- **TASK ITEM**:
Beginning with the first line, retype exactly the records below up to and including the line with "White Floral Printed"; pictures do not belong in the copy.

[Records from a collection]
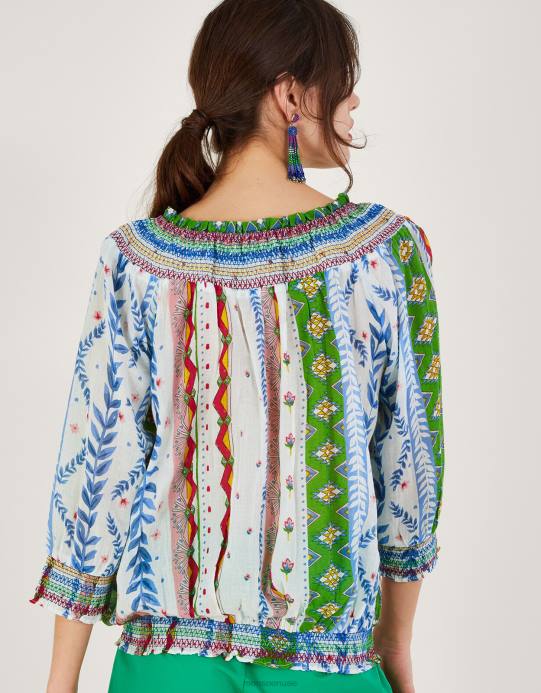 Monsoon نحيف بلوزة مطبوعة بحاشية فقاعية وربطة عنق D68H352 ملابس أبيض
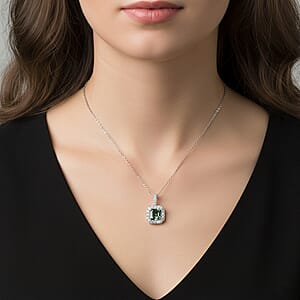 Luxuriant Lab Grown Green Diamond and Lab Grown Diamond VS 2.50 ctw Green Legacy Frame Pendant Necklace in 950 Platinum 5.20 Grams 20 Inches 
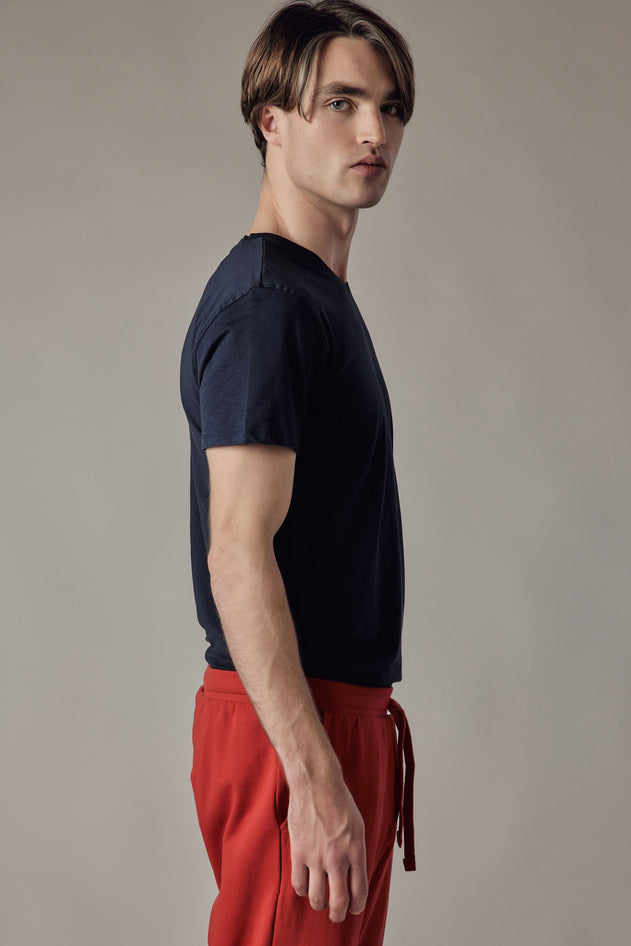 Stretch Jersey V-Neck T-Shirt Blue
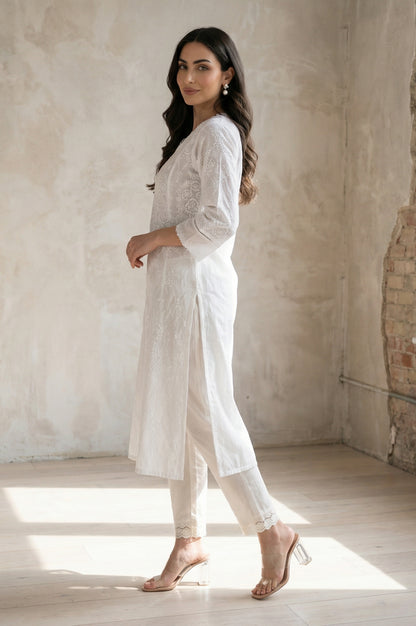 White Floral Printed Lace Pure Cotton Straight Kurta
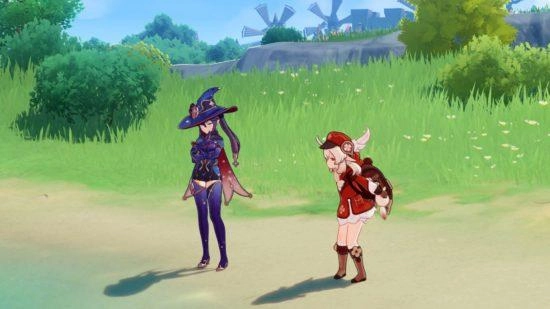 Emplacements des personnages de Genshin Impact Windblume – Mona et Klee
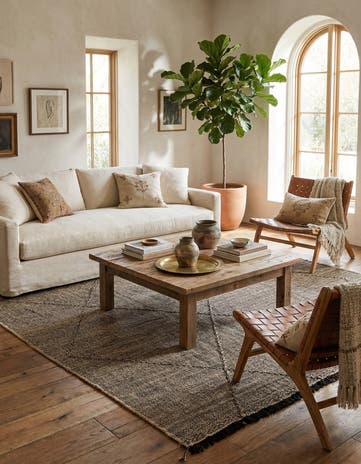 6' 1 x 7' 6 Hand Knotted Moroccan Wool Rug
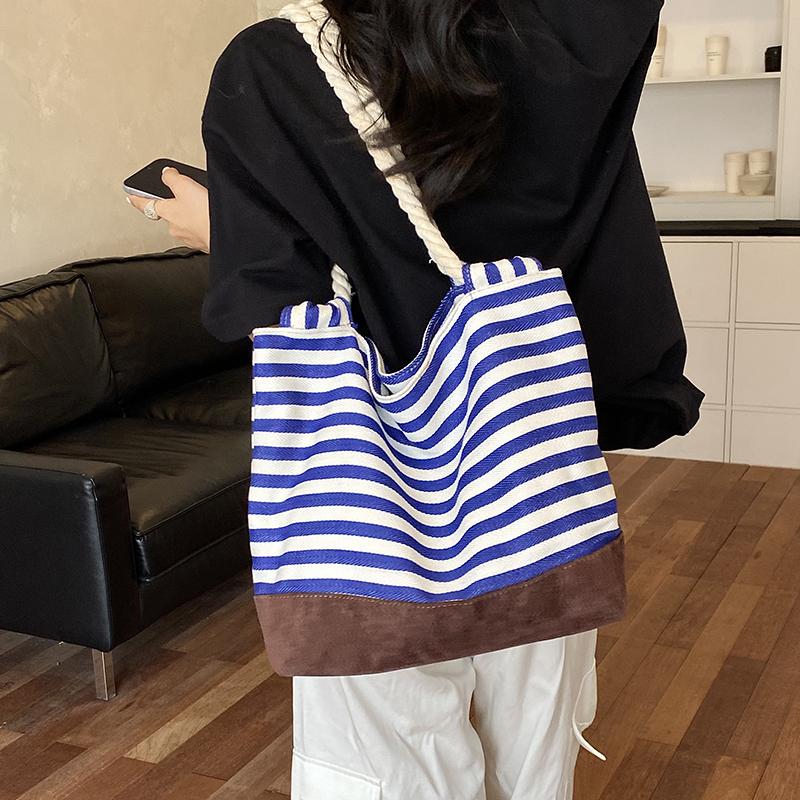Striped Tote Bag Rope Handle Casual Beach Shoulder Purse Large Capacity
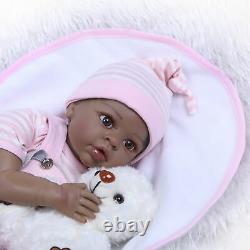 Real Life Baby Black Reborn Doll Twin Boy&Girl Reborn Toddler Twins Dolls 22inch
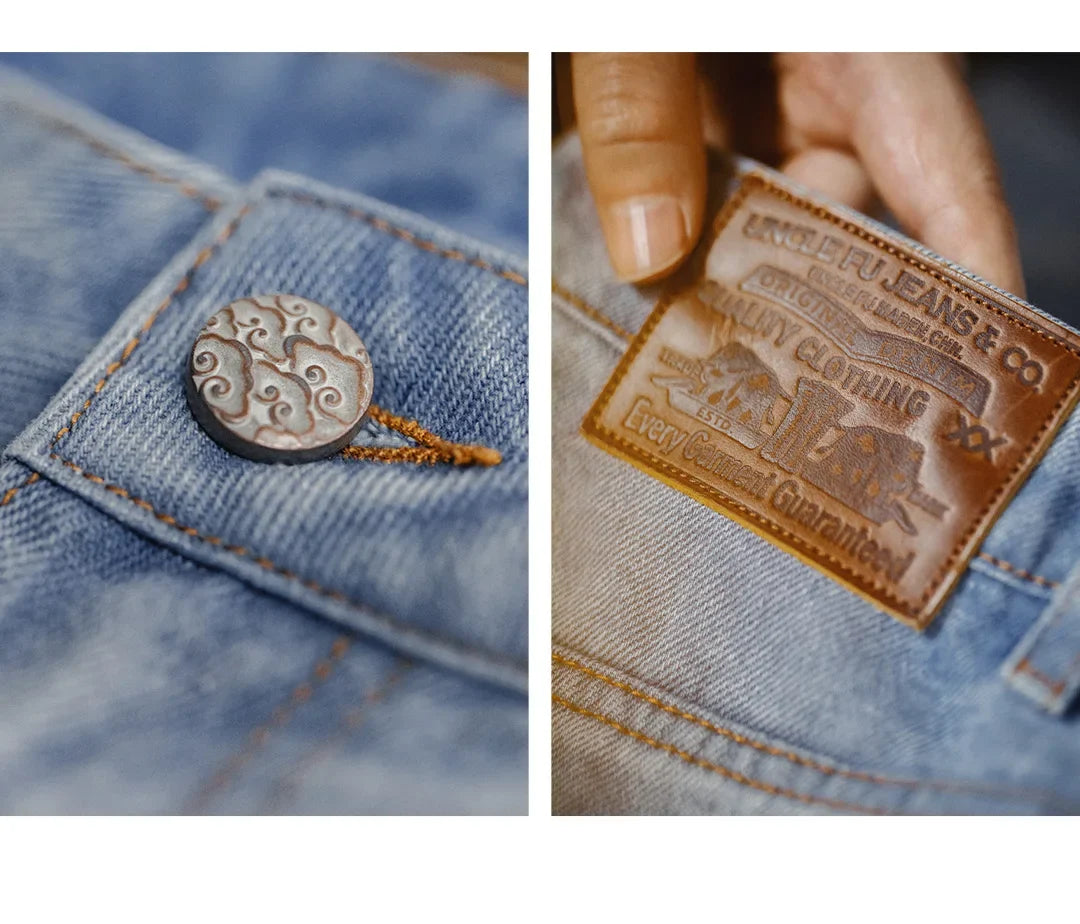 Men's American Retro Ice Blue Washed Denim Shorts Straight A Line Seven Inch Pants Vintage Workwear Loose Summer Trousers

- **ANSWER TO THIS PROBLEM**:
 Monsoon نحيف بلوزة مطبوعة بحاشية فقاعية وربطة عنق D68H352 ملابس أبيض
 Luxuriant Lab Grown Green Diamond and Lab Grown Diamond VS 2.50 ctw Green Legacy Frame Pendant Necklace in 950 Platinum 5.20 Grams 20 Inches 
 Stretch Jersey V-Neck T-Shirt Blue
 White Floral Printed Lace Pure Cotton Straight Kurta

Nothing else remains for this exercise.